Pensé que tal vez, todo seguiría así. Pensé mal. Sucedió cuando los días de lluvia se habían ido. Llegué a casa una tarde, quizás de jueves, aunque no puedo confirmarlo; los días se suceden iguales. Llegué y vi un sobre de papel sobre la rendija de la puerta. Por más expectante que estaba, recién lo abrí después del almuerzo. Eran unas pocas líneas, de una letra dibujada, fina y delineada; era ella. Me senté junto a mi cama y decidí leerla.

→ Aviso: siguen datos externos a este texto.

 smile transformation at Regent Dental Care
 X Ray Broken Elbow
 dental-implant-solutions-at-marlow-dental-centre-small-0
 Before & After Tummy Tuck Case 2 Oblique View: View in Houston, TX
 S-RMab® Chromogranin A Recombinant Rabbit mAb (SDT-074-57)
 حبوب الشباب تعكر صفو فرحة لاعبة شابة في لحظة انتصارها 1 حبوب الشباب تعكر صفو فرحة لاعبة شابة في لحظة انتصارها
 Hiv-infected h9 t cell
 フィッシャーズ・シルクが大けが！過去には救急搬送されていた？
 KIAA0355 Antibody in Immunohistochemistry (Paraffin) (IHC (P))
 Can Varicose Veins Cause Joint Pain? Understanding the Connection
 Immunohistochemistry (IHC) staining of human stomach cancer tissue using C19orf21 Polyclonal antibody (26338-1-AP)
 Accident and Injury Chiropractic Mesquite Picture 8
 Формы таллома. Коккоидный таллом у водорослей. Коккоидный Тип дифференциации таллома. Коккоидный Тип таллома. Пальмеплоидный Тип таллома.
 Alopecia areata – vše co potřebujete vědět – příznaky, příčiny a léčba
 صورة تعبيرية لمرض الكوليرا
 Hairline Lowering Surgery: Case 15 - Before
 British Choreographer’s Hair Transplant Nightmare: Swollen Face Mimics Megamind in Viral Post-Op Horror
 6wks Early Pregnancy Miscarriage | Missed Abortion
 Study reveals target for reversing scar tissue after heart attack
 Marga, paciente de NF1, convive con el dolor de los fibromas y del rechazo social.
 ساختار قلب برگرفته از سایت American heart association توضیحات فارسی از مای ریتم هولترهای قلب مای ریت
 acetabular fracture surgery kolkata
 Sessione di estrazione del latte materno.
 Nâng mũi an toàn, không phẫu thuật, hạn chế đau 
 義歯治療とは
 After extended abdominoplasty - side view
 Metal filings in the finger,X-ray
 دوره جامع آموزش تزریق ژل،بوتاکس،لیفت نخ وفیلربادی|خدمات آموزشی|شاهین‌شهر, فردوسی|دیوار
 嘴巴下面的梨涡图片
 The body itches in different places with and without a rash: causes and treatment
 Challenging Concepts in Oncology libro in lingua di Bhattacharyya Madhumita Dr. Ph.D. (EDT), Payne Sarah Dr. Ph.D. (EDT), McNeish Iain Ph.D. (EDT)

Se llama José Carlos, tiene veintitrés años y trabaja en el correo; le amo. Pero lo que dije era cierto. Y sí, mi Miguelito ya está por el año y medio. Pero lo que dije era cierto. Estoy segura de ya no volver a aquel café, ni a esa mesa, ni junto al libro azul. Pero lo que dije es cierto. Y eso, aunque no lo creas, es lo que hace que mis días valgan la pena.
Micaela.
Silencio. Otra vez, lamenté no haber dejado la radio encendida. Hubiera estado mejor. Sin pensarlo, me encontré releyendo aquella nota una vez, dos, otra vez más. La cerré y luego de un par de dobleces, la dejé en un cajón del escritorio, de dónde nunca la volvería a extraer. La tarde la tenía libre. Sentí ganas de dar un paseo. Salí a la calle a prisa, y así, eché a andar por el centro.